What is required:
From the line that holds "OLD VINTAGE 2" down to the last line of the listing below, transcribe exactly and only those lines. Leave pictures out.

=== Begin Enclosure ===

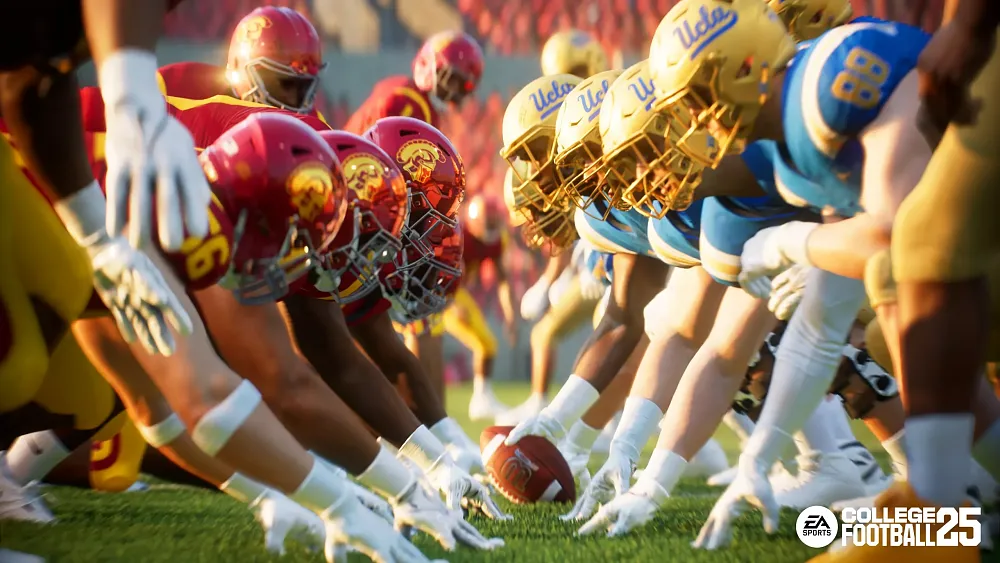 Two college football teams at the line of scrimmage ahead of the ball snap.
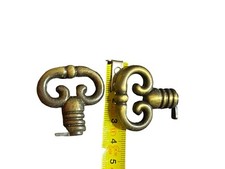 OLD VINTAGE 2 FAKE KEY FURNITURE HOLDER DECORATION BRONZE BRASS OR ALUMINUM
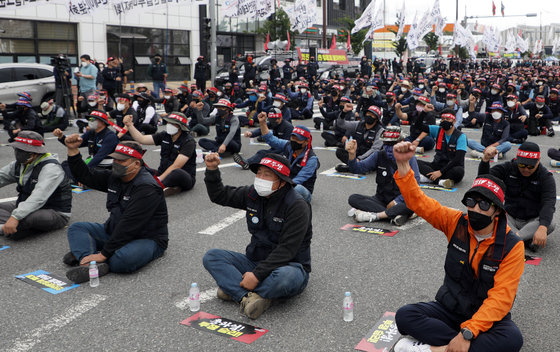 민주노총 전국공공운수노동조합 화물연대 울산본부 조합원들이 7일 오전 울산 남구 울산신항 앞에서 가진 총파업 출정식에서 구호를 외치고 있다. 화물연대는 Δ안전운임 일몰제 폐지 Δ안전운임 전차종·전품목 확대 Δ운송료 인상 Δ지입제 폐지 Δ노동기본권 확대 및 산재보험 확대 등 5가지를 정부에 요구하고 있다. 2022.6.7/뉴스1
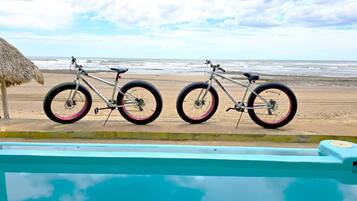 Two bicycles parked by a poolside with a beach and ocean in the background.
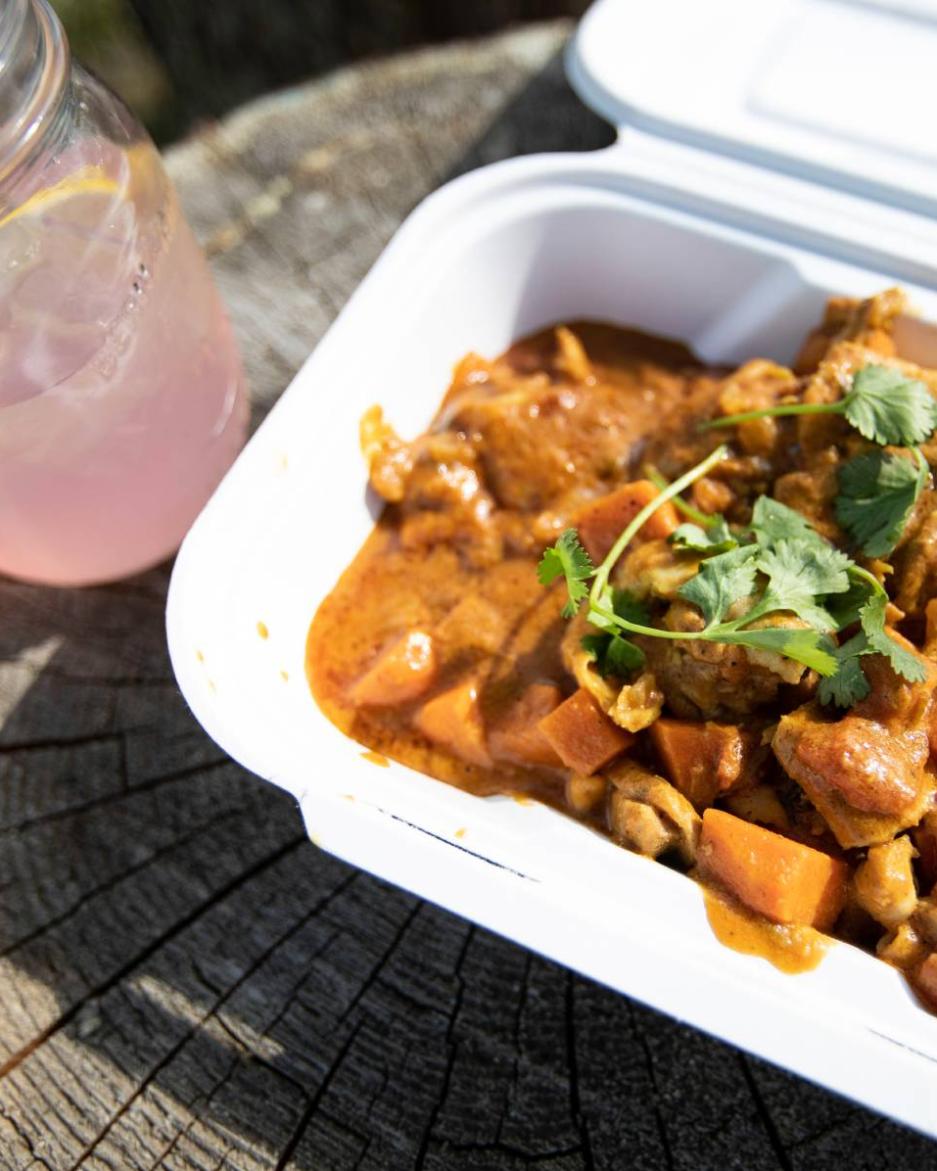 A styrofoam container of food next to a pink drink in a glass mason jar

=== End Enclosure ===

Exercise output:
 OLD VINTAGE 2 FAKE KEY FURNITURE HOLDER DECORATION BRONZE BRASS OR ALUMINUM
 민주노총 전국공공운수노동조합 화물연대 울산본부 조합원들이 7일 오전 울산 남구 울산신항 앞에서 가진 총파업 출정식에서 구호를 외치고 있다. 화물연대는 Δ안전운임 일몰제 폐지 Δ안전운임 전차종·전품목 확대 Δ운송료 인상 Δ지입제 폐지 Δ노동기본권 확대 및 산재보험 확대 등 5가지를 정부에 요구하고 있다. 2022.6.7/뉴스1
 Two bicycles parked by a poolside with a beach and ocean in the background.
 A styrofoam container of food next to a pink drink in a glass mason jar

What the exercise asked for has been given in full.